The ketogenic diet restricts carbs to a minimum.
Normally, the human body gets its main source of energy (sugar) from carbs.
However, the ketogenic diet deprives the body of glucose, inducing a state of “ketosis.”
During ketosis, the body is forced to break down stored fat instead of sugar to produce an alternative source of energy.
The keto diet’s potential as cancer treatment
The diet could boost the power of conventional cancer treatment by selectively inducing metabolic oxidative stress in cancer cells, but not in normal ones.
Other studies have also suggested that certain cancers are heavily reliant on glucose for energy. So, restricting cancer cells’ access to sugar may be a valid way of sensitizing them to chemotherapy.

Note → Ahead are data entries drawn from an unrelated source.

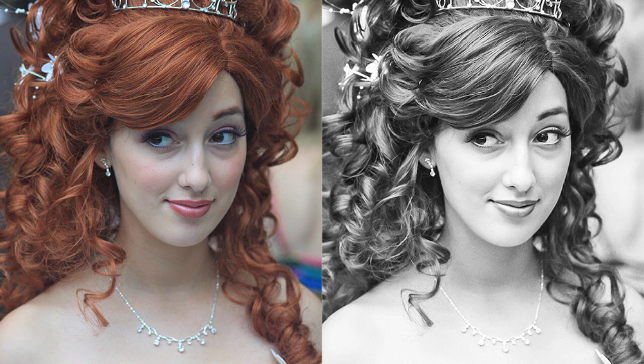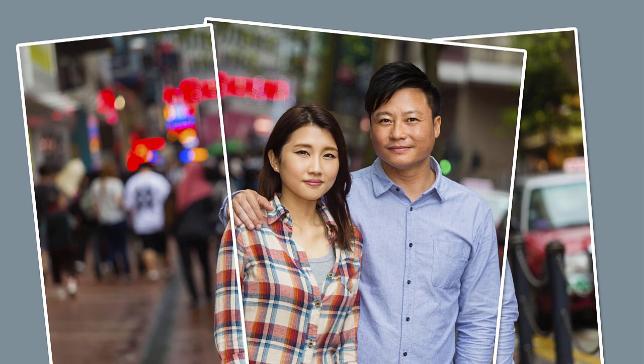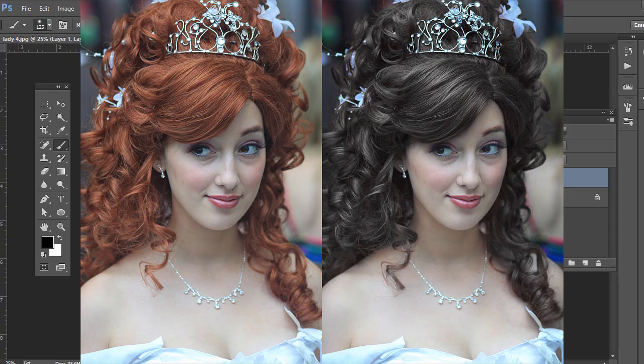My name is Dr. Chad Newman, and I'll be your instructor in this course. You'll be learning industry standard photo corrections, retouching techniques, and camera raw techniques.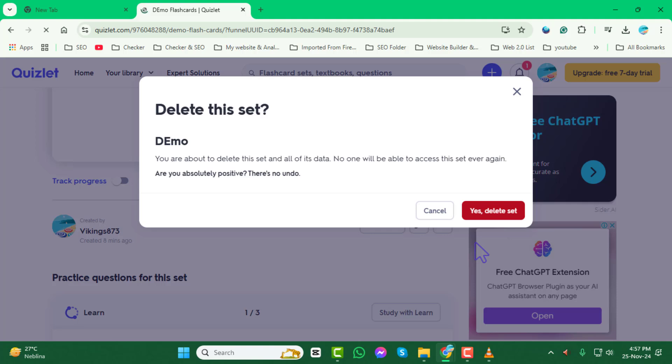Remember, once you delete a flashcard set, it cannot be recovered. And that's it! Thank you so much for watching and stay tuned for more videos!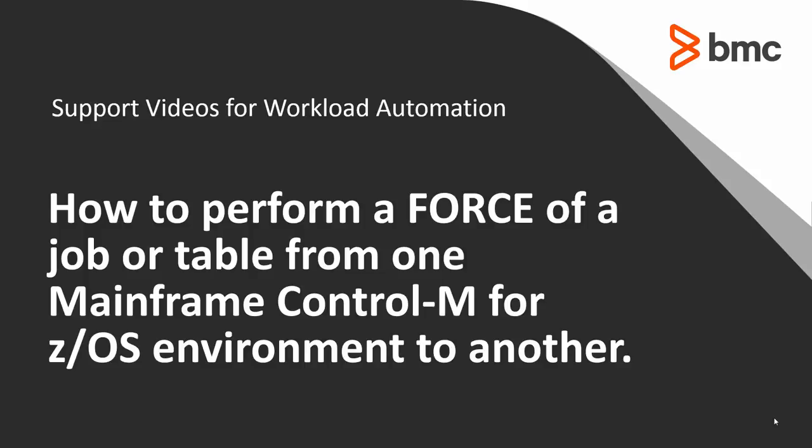In this video I will show you how to perform a force of a job or table from one mainframe Control-M for z/OS environment to another.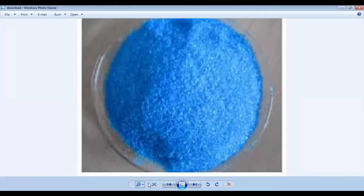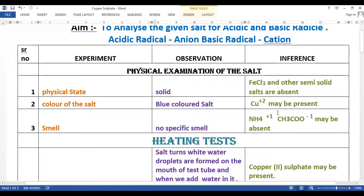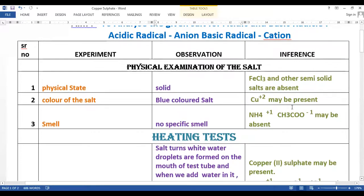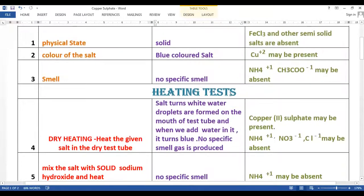So let us analyze the salt for the various tests. The physical state is solid, so FeCl₃ and other semi-solid salts are absent. The salt is blue coloured, so Cu²⁺ may be present. When we smell this salt, there is no specific smell, so NH₄⁺ ammonium ion or CH₃COO⁻ acetate ions may be absent.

New research explores the keto diet as a potential avenue for cancer treatment. Jung-Whan Kim, an assistant professor of biological sciences at the University of Texas at Dallas, is the corresponding author of the new study.
Using a mouse model of lung and esophageal cancer, Kim and colleagues restricted the rodents’ levels of circulating glucose by feeding them a ketogenic diet and administering them a diabetes drug that stops the kidneys from reabsorbing blood sugar.
The researchers have published their paper in the journal Cell Reports. Meng-Hsiung Hsieh is the first author.
The keto diet and squamous cell carcinoma
Kim and his team have previously shown that a cancer type called squamous cell carcinoma (SCC) relies a lot more on glucose to sustain its “antioxidative capacity and survival” than other types of cancer, such as lung adenocarcinoma.
So, in the new study, the team reasoned that restricting glucose would make SCC more vulnerable to treatment. They fed mice with xenograft tumors either a ketogenic diet consisting of 0.1% carbs or a normal chow diet.
“Xenograft tumor growth of lung SCC […] and esophageal SCC […] was significantly inhibited upon ketogenic diet as compared to normal chow fed groups,” report the study authors.
“Both the ketogenic diet and the pharmacological restriction of blood glucose by themselves inhibited the further growth of [SCC] tumors in mice with lung cancer,” says Kim.
“While these interventions did not shrink the tumors, they did keep them from progressing, which suggests this type of cancer might be vulnerable to glucose restriction,” he adds.
However, the glucose restriction did not affect other, non-SCC tumors. “Our results suggest that this approach is cancer cell type specific. We cannot generalize to all types of cancer,” Kim says.
“The key finding of our new study in mice is that a ketogenic diet alone does have some tumor growth inhibitory effect in [SCC] […]. When we combined this with the diabetes drug and chemotherapy, it was even more effective.”
Paradigm shifting findings
The researchers also studied blood sugar levels in samples from 192 people with SCC of the lung or esophagus. They then compared them with those from 120 people with lung adenocarcinoma.
“Surprisingly,” says Kim, “we found a robust correlation between higher blood glucose concentration and worse survival among [people] with [SCC].”
“We found no such correlation among the lung adenocarcinoma patients. This is an important observation that further implicates the potential efficacy of glucose restriction in attenuating [SCC] growth,” he adds.
Although the authors recognize that this study was preclinical and that more extensive research is necessary, the findings, they say, point to a “paradigm shift” in cancer treatment.
“Manipulating host glucose levels would be a new strategy that is different from just trying to kill cancer cells directly,” Kim says.
“I believe this is part of a paradigm shift from targeting cancer cells themselves. Immunotherapy is a good example of this, where the human immune system is activated to go after cancer cells.”
“Maybe we can manipulate our own biological system a little bit or activate something we already have in place in order to more effectively combat cancer,” he concludes.